Sundaramoorthy, A. - Presenter, University of Wisconsin Madison
Maravelias, C. T. - Presenter, University of Wisconsin - Madison

Batch process scheduling has received considerable attention in the process systems engineering (PSE) community over the last two decades. Based on the batch process structure and material handling constraints, scheduling problems can be classified as sequential and network. While both the process structures are common in batch process industry, the scheduling problems in the latter have been studied extensively.

One of the key aspects of network-based models is the time representation. Two widely used representations are i) discrete-time, and ii) continuous-time. Discrete-time approaches partition the scheduling horizon into a known number of periods of equal length defining a time grid that is common across all resources (units, states, etc.). The processing times are assumed to be constant (Kondili et al, 1993; Shah et al., 1993). Although the models based on this representation have numerous advantages, they often lead to large MIP formulations which has lead researchers to explore an alternative time representation.

The motivation for the development of continuous-time models has been centered around two inter-related shortcomings of discrete-time models, namely the formulation size and solution accuracy (Castro et al., 2001; Maravelias and Grossmann, 2003; Janak et al., 2004; Sundaramoorthy and Karimi, 2005). Although continuous-time models lead to small MIP formulations, they have several disadvantages: poor relaxation, difficulty in modeling holding and backlog costs linearly, additional computational costs in modeling intermediate shipments etc.

The objective of this work is to critically review and computationally evaluate the network-based approaches. Precisely, we analyze the modeling capabilities of discrete-time and continuous-time approaches, and perform an exhaustive computational study of these two approaches. Given the large pool of modeling approaches and mixed-integer formulations (MIP) for network processes, we believe that our findings in this study will motivate further discussion in the research community leading to the development of effective solution methods.

First, we compare and contrast discrete-time and continuous-time modeling approaches in terms of formulation size and modeling capabilities. We briefly review the main characteristics of the two approaches and outline their advantages and disadvantages.

Second, we perform an extensive computational comparison between the two methods using a collection of a large set of problem instances, which cover:

a) five different process networks with a wide range of process features (e.g., material routing, storage restrictions, etc).

b) various objective functions (sales maximization, cost minimization etc.)

c) a wide range of process features (fixed and variable processing times, utilities, etc.)

d) different scheduling horizons

e) different time discretization (number of periods) Our problem pool consists of more than 200 instances.

Third, we further explore the computational performance of discrete-time models and consider aspects such as holding and backlog costs, setups, and intermediate due dates.

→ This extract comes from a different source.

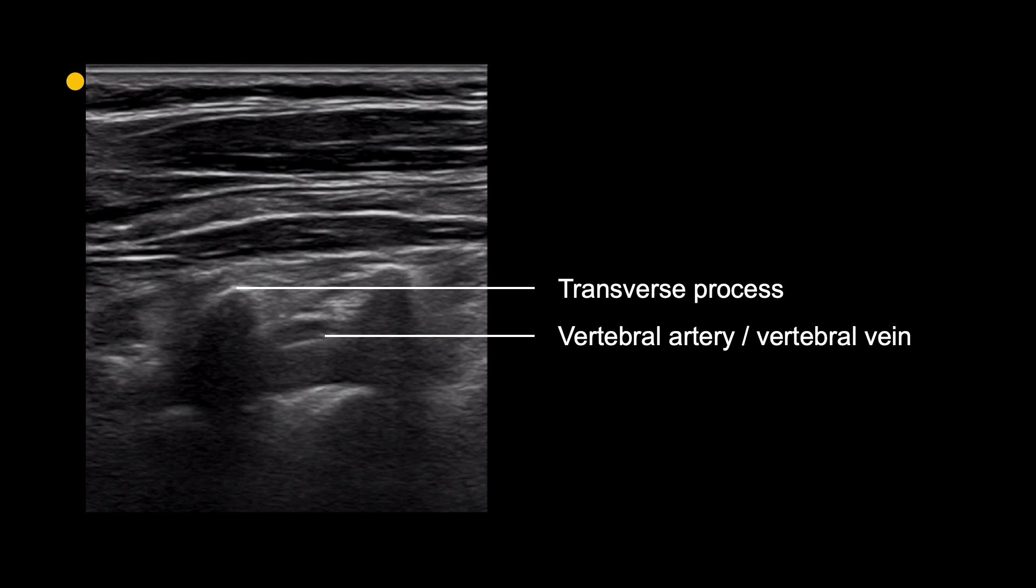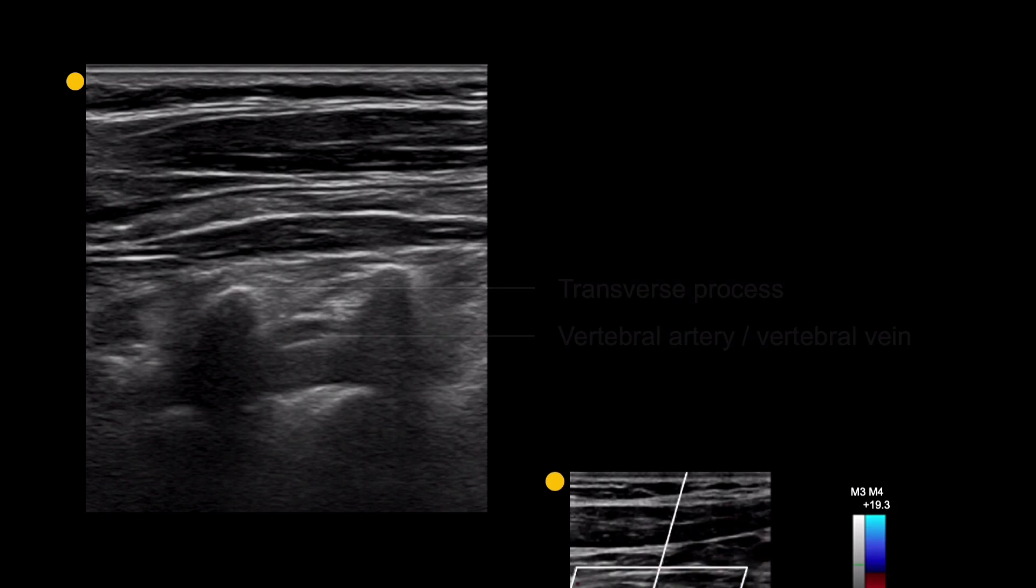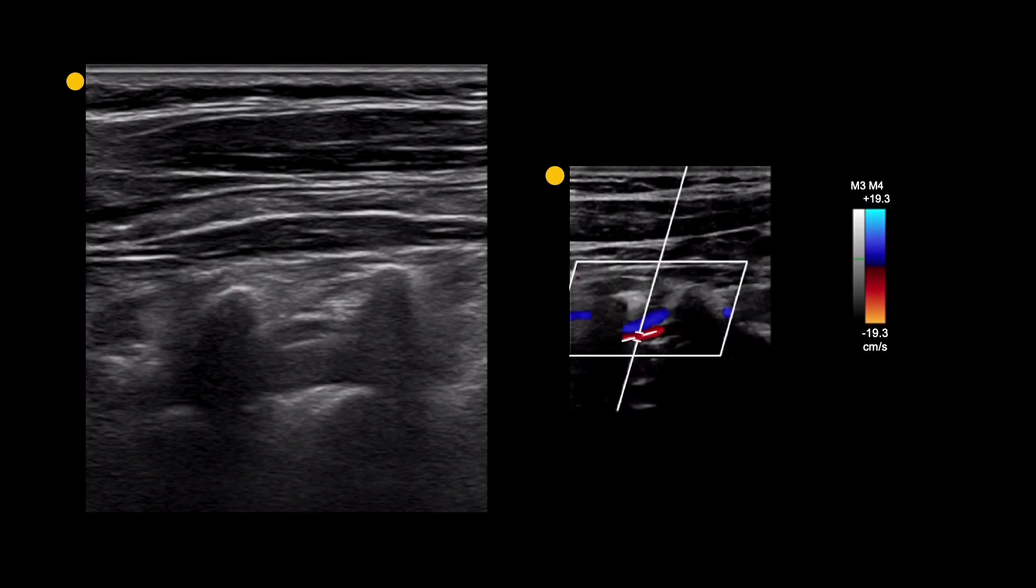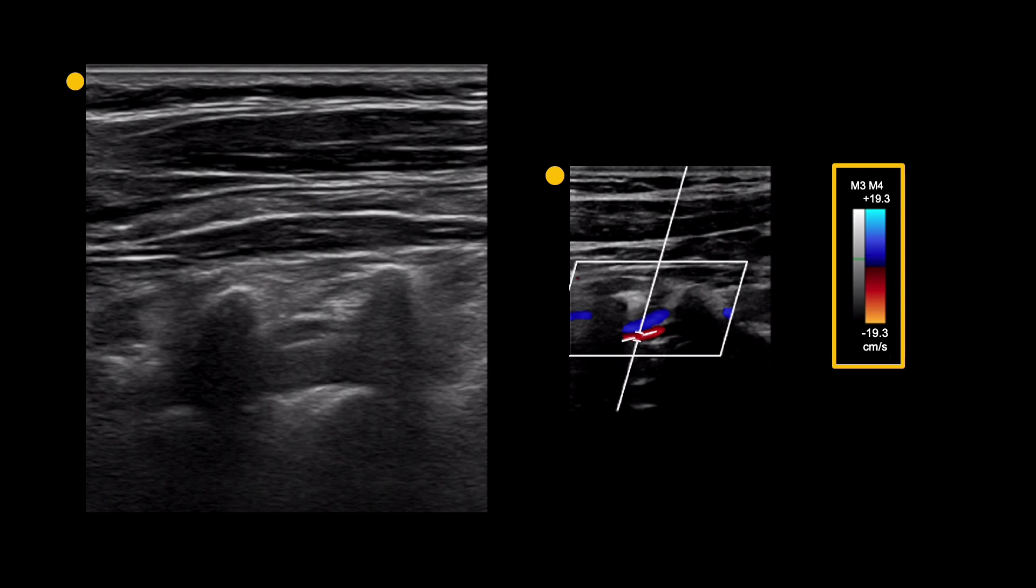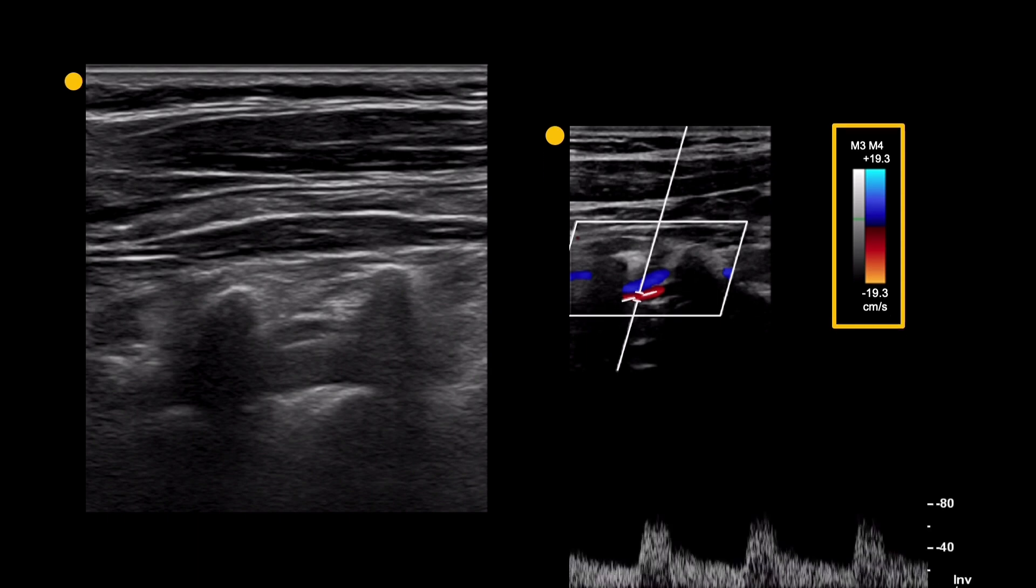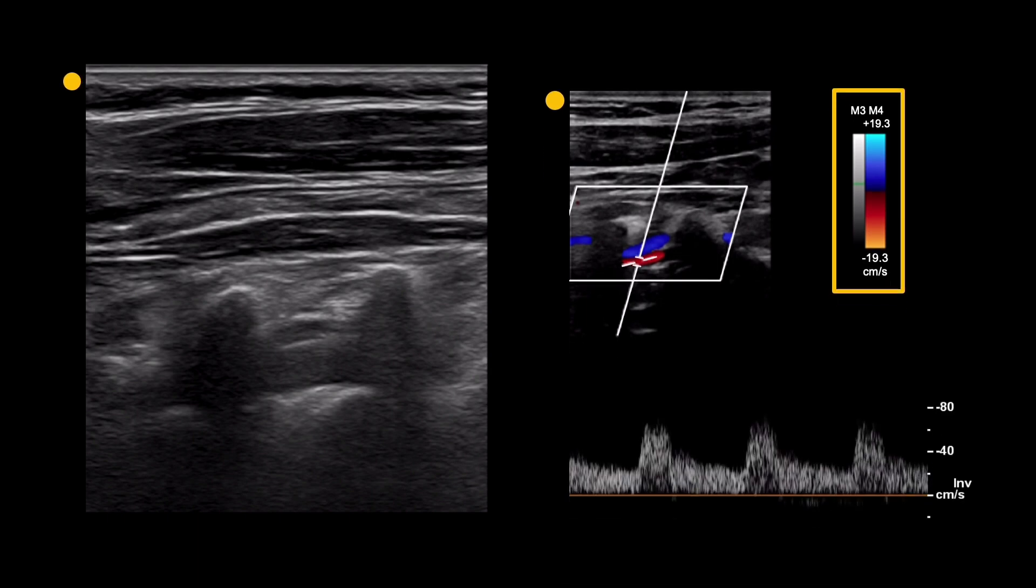The probe position should be adjusted to optimise the view of the vertebral artery. For the colour flow image, the colour scale will usually need to be reduced and the gain increased to get good filling of the artery, shown here in red. The vertebral vein, shown here in blue, will be seen just above the artery. A pulsed Doppler signal from the vertebral artery should also be obtained to confirm the direction of flow, which should be antegrade.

We discuss how computational requirements increase as the scheduling horizon increases for discrete- and continuous-time models. We also discuss how solution quality is affected by the chosen time partition. We study the effect of variable processing times (a limitation of discrete-time models) in computational requirements and solution quality. We show that the computational requirements of discrete-time models increase moderately with the incorporation of additional process features, which is not the case with their continuous-time counterparts.

Further, we highlight the advantages and disadvantages of the two schools of thought, thereby arriving at a number of conclusions that we believe will lead to fruitful discussions in the area and foster further development of modeling and solution methods for batch process scheduling.